Some 87% of security specialists expect to see an increase in mobile payment data breaches over the next 12 months, yet 42% of respondents have used this payment method in 2015, according to the 2015 Mobile Payment Security Study from global cybersecurity association ISACA.
Only 23% believe that mobile payments are secure in keeping personal information safe, study shows. Nearly half (47%) say mobile payments are not secure and 89% consider cash the most secure payment method, yet only 9% prefer to use it.
“Mobile payments represent the latest frontier for the ongoing choice we all make to balance security and privacy risk and convenience,” said John Pironti, risk advisor with ISACA.
According to those surveyed, the most effective way to make mobile payments more secure is using a second identity authentication (66%), followed by requiring a short-term authentication code (18%). Far less popular was an option that puts the onus on the consumer—installing phone-based security apps (9%).
Financial companies have a critical need for safer payment methods as their clients demand privacy, security and convenience in all transactions. Following the increasing number of malware samples and cyber threats, multiple banks and financial institutions have joined the FIDO (Fast IDentity Online) Alliance, to solve problems users face in creating and remembering multiple usernames and passwords (i.e. ING, Bank of America, Mastercard, Paypal).
These protocols do not use simple passwords anymore; they are now based on public key cryptography and strongly resist phishing. Users register their device to the online service by selecting a local authentication mechanism such as swiping a finger, looking at the camera, speaking into the mic or entering a PIN. Once registered, they simply repeat the local authentication action to authenticate to the service. The user no longer needs to enter a password when authenticating on that device.
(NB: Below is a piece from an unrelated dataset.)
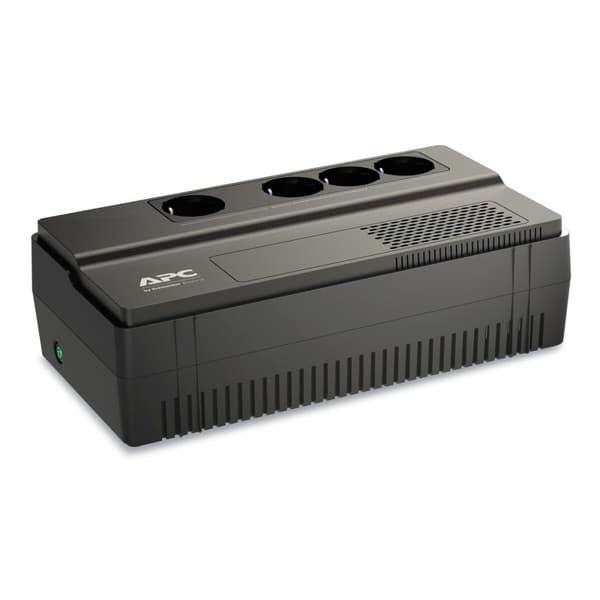 Off Line UPS APC BV1000I-GR 600 W Sort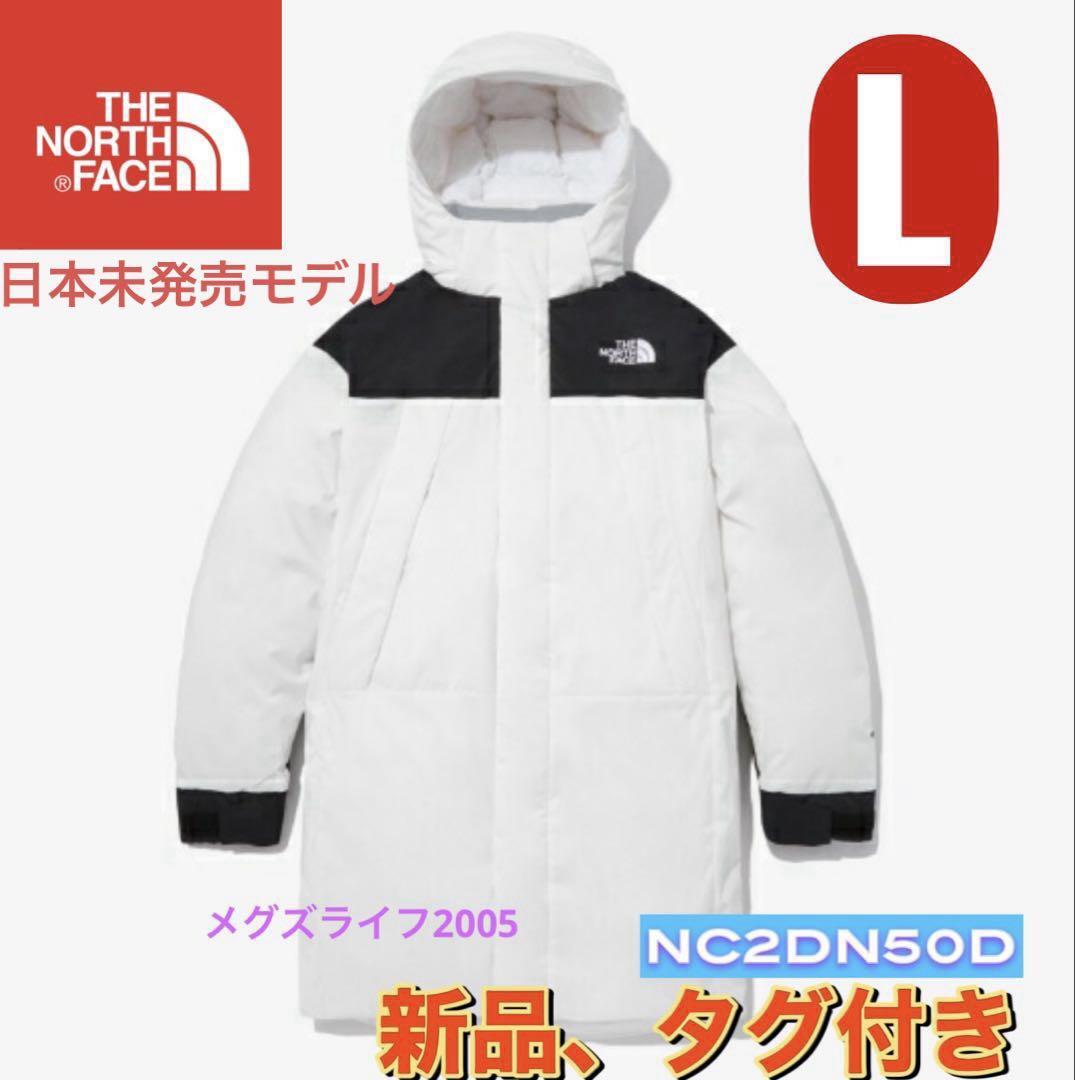 新品 日本未発売 韓国ノースフェイス THE NORTH FACE AIR HEAT DOWN COAT エアヒートダウンコート NC2DN50拍卖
The Universal Authentication Framework feature also allows experiences that combine authentication mechanisms such as fingerprint + PIN.
The second factor allows online services to augment security of their password infrastructure by adding another strong factor to user login. The user logs in with a username and password, as before. The service can also prompt the user to present a second factor device any time it chooses. The strong second factor allows the service to simplify its passwords, such as a 4–digit PIN, without compromising security.
The protocols do not provide information that can be used by different online services to collaborate and track a user across the services. Biometric information never leaves the user’s device.
Here is a short list of tips for consumers:
- Understand your level of risk: Ask yourself what level of personal information and financial loss is acceptable to balance the convenience of mobile payments.
- Know your options: Understand the security options available to manage your risk to an acceptable level. Using a unique passcode should be mandatory, but also look into encryption, temporary codes that expire and using multiple ways to authenticate your identity.
- Value your personal information:Be aware of what information you are sharing—e.g., name, birthday, national identification number, pet name, email, phone number. These pieces of information can be used by hackers to gain access to accounts. Only provide the least amount of information necessary for each transaction.
Overall, the global mobile payment transaction market, including solutions offered by Apple Pay, Google Wallet, PayPal and Venmo, will be worth an estimated US $2.8 trillion by 2020, according to Future Market Insights.